Task data:
______________________________

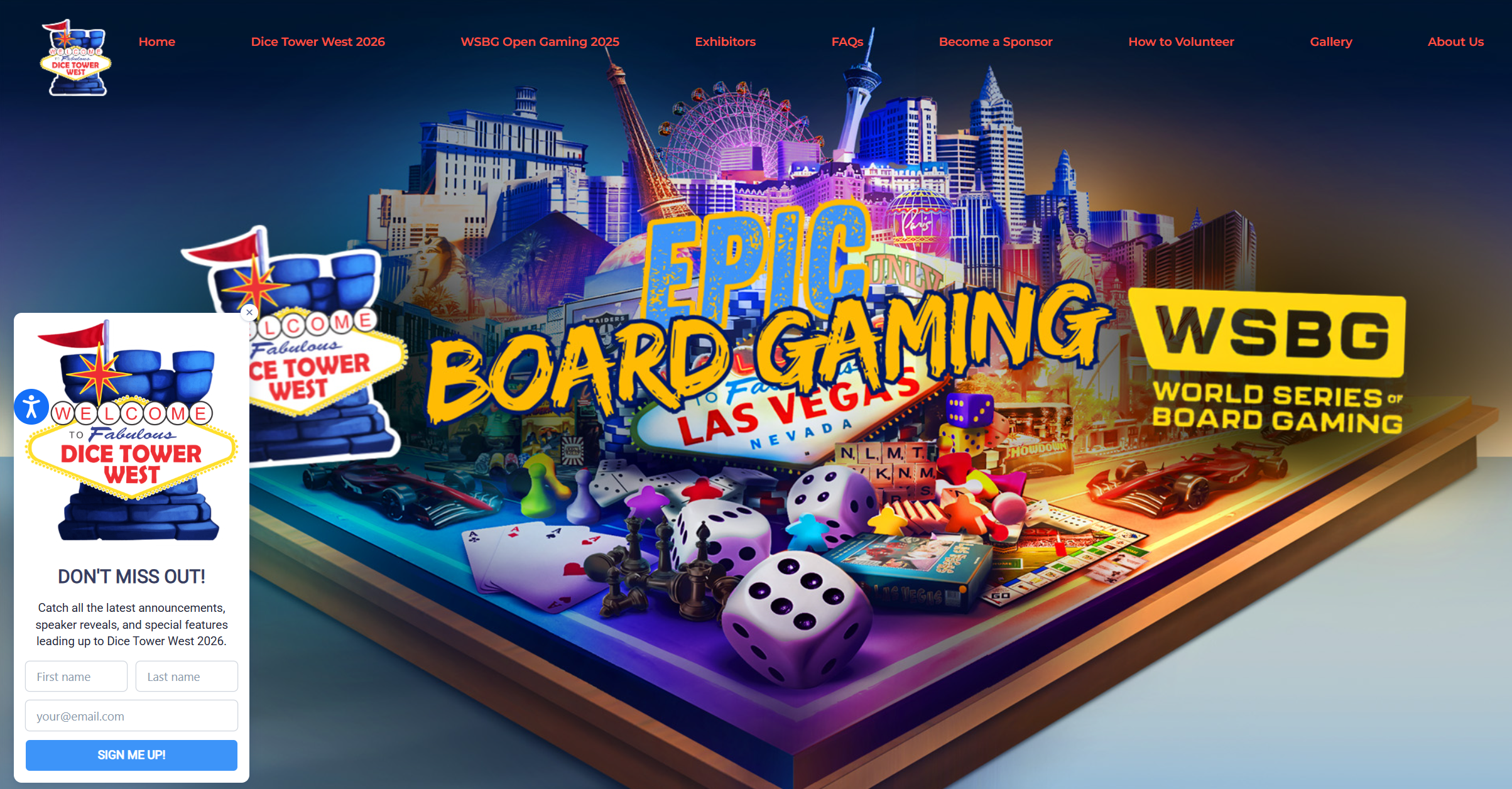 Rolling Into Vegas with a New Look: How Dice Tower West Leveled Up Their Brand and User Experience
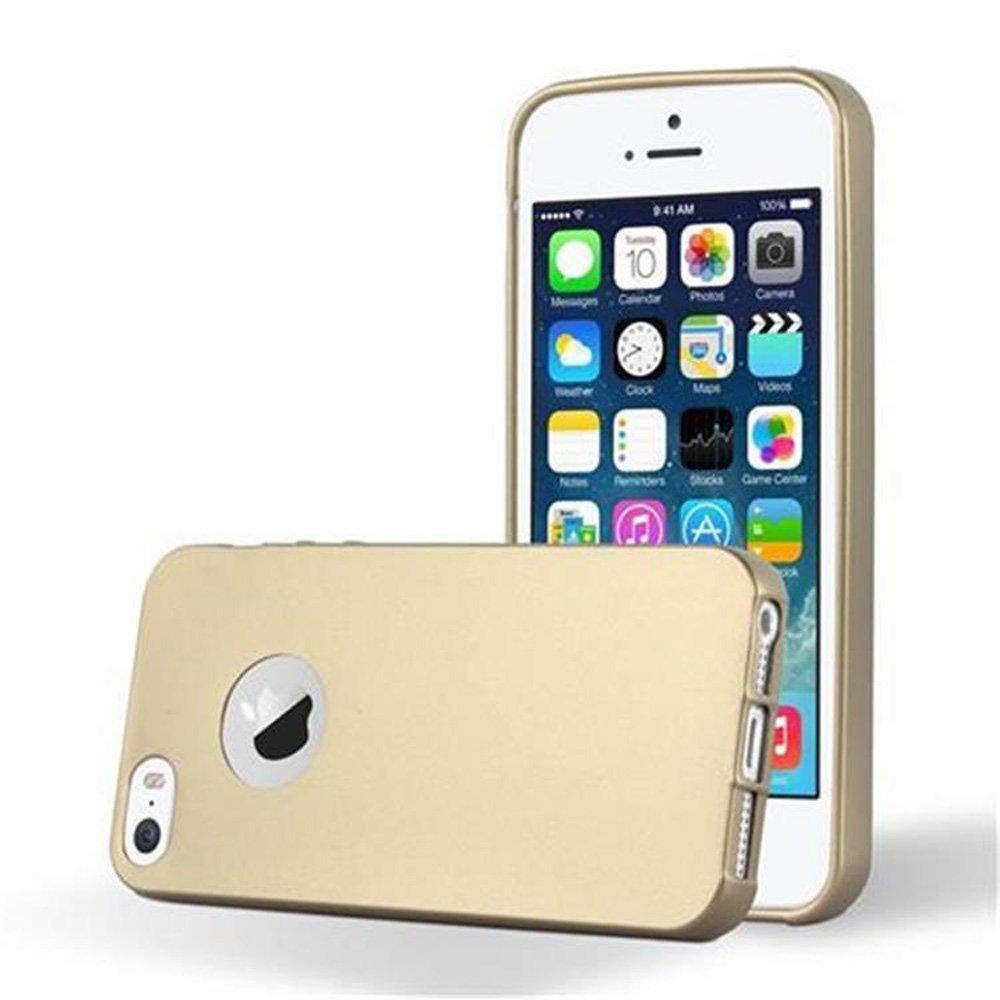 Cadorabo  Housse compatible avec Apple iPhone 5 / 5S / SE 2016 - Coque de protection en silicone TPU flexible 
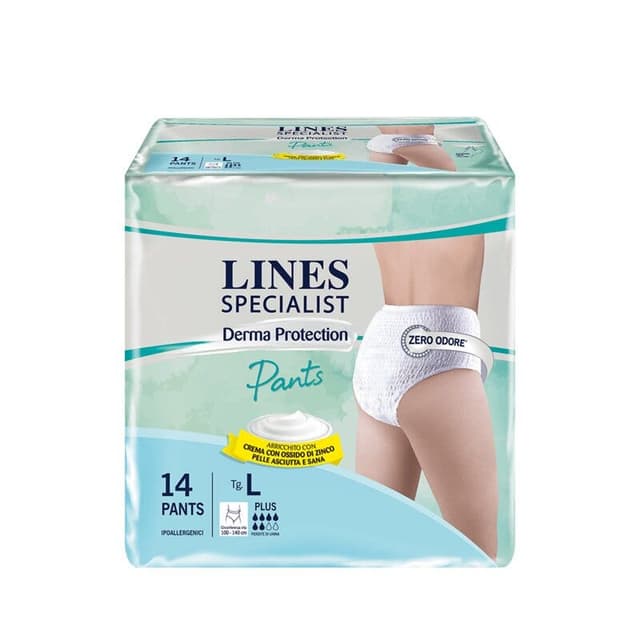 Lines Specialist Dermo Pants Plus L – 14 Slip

______________________________

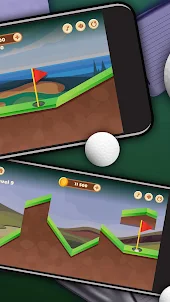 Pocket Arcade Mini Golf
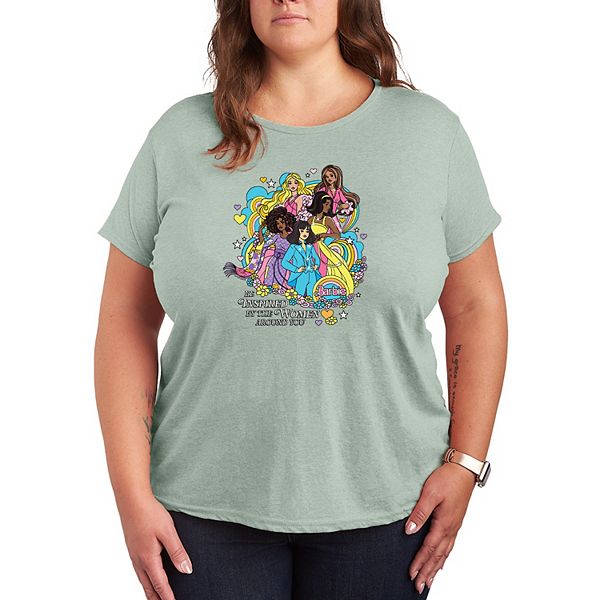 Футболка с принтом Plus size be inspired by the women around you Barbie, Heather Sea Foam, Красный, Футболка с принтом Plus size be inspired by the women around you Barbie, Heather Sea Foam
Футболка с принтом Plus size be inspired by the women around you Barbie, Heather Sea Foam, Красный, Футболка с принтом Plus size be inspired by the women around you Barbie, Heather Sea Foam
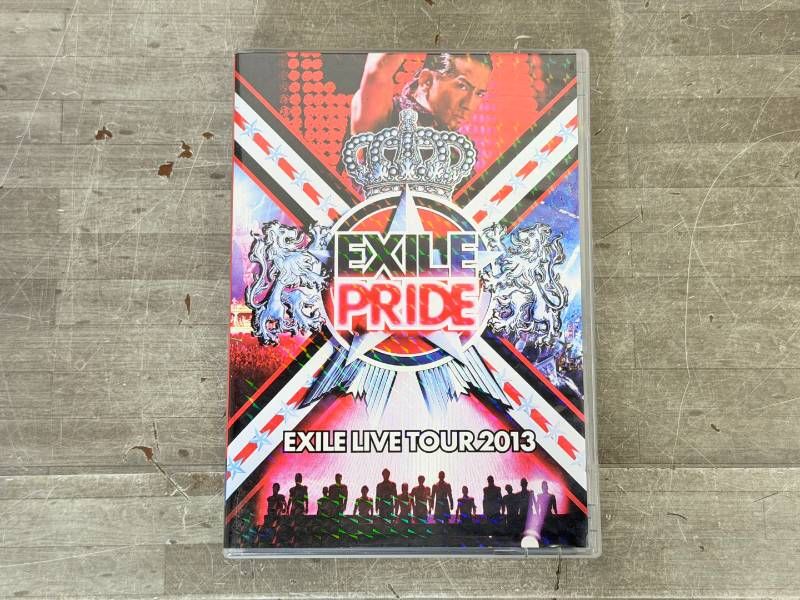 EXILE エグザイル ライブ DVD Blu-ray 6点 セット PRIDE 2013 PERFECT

______________________________

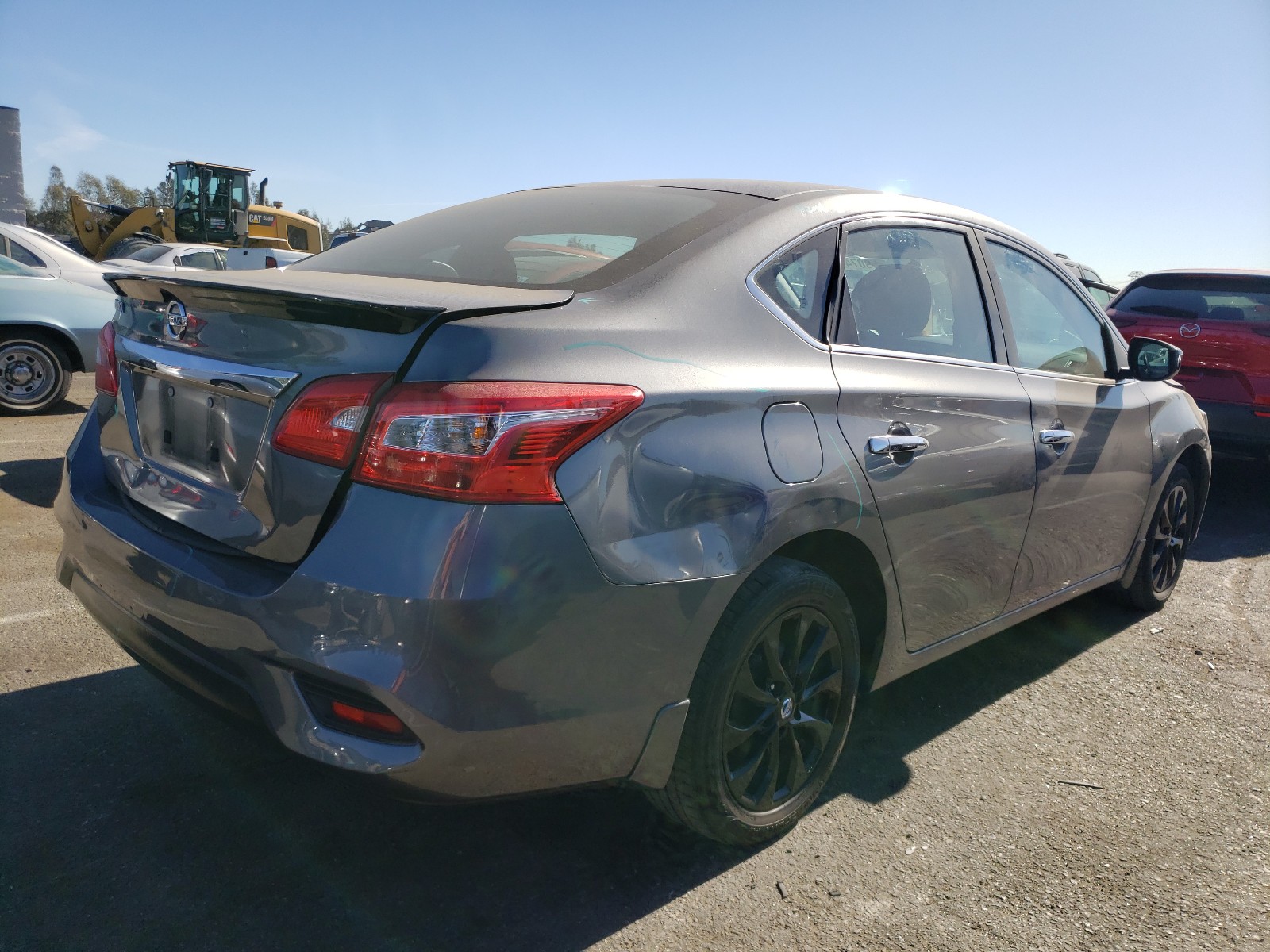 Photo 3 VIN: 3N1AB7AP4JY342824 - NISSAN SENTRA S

______________________________

Task statement: In the data above, start at the line holding "Rolling Into Vegas" and stop after the line holding "Lines Specialist Dermo"; write out those lines exactly, without pictures.

Expected answer:
 Rolling Into Vegas with a New Look: How Dice Tower West Leveled Up Their Brand and User Experience
 Cadorabo  Housse compatible avec Apple iPhone 5 / 5S / SE 2016 - Coque de protection en silicone TPU flexible 
 Lines Specialist Dermo Pants Plus L – 14 Slip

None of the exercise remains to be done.